Algunas veces se escucha a representantes de movimientos políticos, generalmente pertenecientes a facciones de derechas, defender una “libertad de expresión” a través del llamado «derecho a ofender». Hace algunos meses, la BBC publicó un artículo titulado «¿Está la cultura de la cancelación acabando con el humor?», pues con el humor de los bullies es probable que sí.
Aquellos bullies que marcan una tendencia a sumarse a las filas conservadoras, nacionalistas o de derechas son quienes instauran una visión conspirativa en asuntos como los estudios de género o temas que tienen que ver con la tolerancia y el respeto de las formas de vida de las demás personas. Además, hacen uso del argumento del «derecho a ofender» partiendo por lo general de visiones conspirativas y acaban encontrando siempre a un chivo expiatorio o entrando en el canibalismo simbólico acerca del que en otro momento nos enseñó el autor Thomas Szasz. Pues dicen que «ofender» es «libertad de expresión», y que necesariamente eso requiere que acabemos con las «generaciones blandas y sensibles» (llaman sensible a todo aquel que no se sume al ejército de su cruzada moralizadora).

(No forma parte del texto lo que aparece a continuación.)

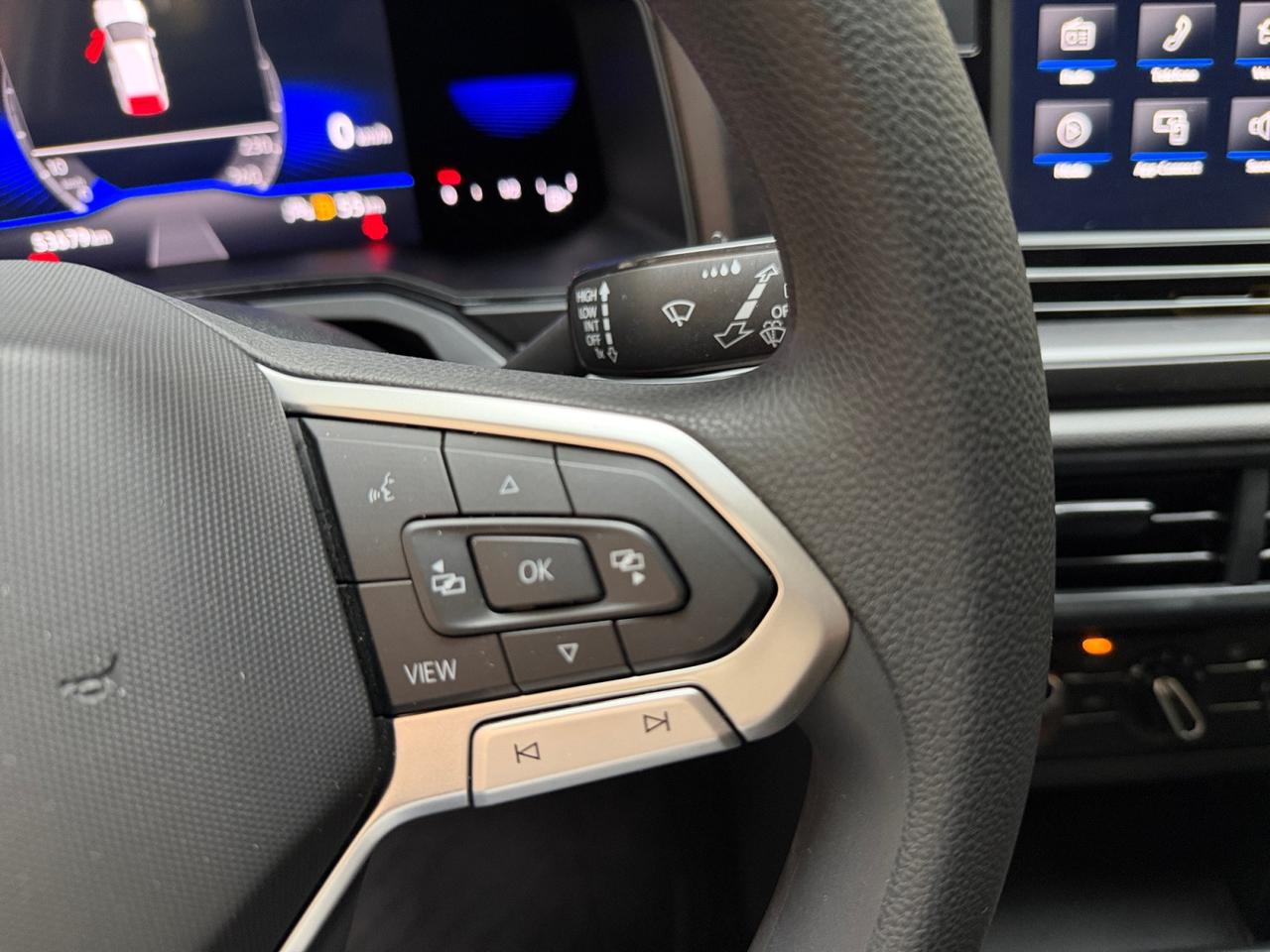 Volkswagen Polo 1.0 evo 80cv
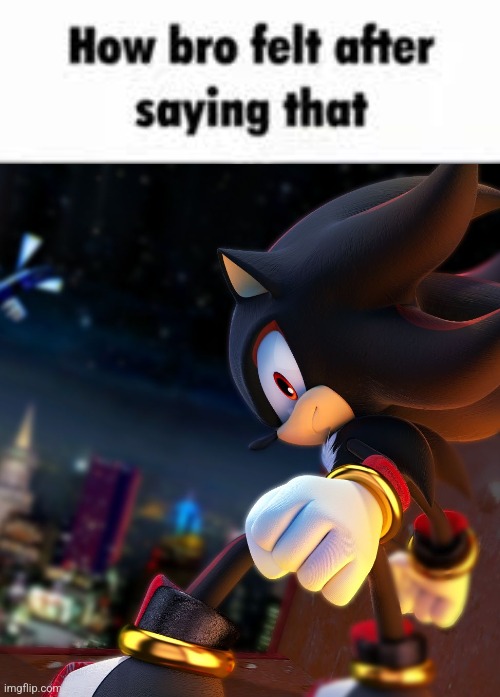 How bro felt after saying that | image tagged in how bro felt after saying that | made w/ Imgflip meme maker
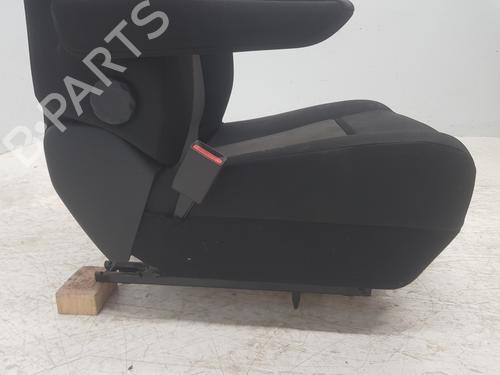 Left front seat CITROËN JUMPY III Van (V_)  | BP34245530C15  - Image 9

Como bien argumenta José Benegas en Los intereses que esconde el supuesto derecho a ofender: «Ofender es agredir. No somos carne y hueso, por tanto, circunscribir el problema del respeto a los derechos del otro a lo estrictamente físico es una manera de habilitar agresiones que en sí mismas pueden ser graves o incluso abrir la puerta a cosas peores una vez que el repudio se ha instalado de modo público. No es igual tener prejuicios que convertirlos en ofensa o, peor, en método de repudio colectivo».
Algunos razonan sosteniendo que «hay derecho a ofender», y que por ende «no me canceles porque te diga algo homófobo o racista, porque me voy a ofender». Pues estos cobardes se ofenden cuando la réplica se organiza. Al final, pareciera ser que partidos como el Partido Republicano de Estados Unidos están mucho más preocupados por la sexualidad de los demás que por el genocidio de Putin en Ucrania.
Ha quedado claro el momento de hipocresía que se transita en la política, puesto que hoy para algunos «ser dictador» consiste en molestar con mascarillas, y ser «antidictador» es determinar los dibujos animados que ven los niños de los demás, decidir qué libros pueden leer y estar fascinado con déspotas invadiendo países y masacrando civiles.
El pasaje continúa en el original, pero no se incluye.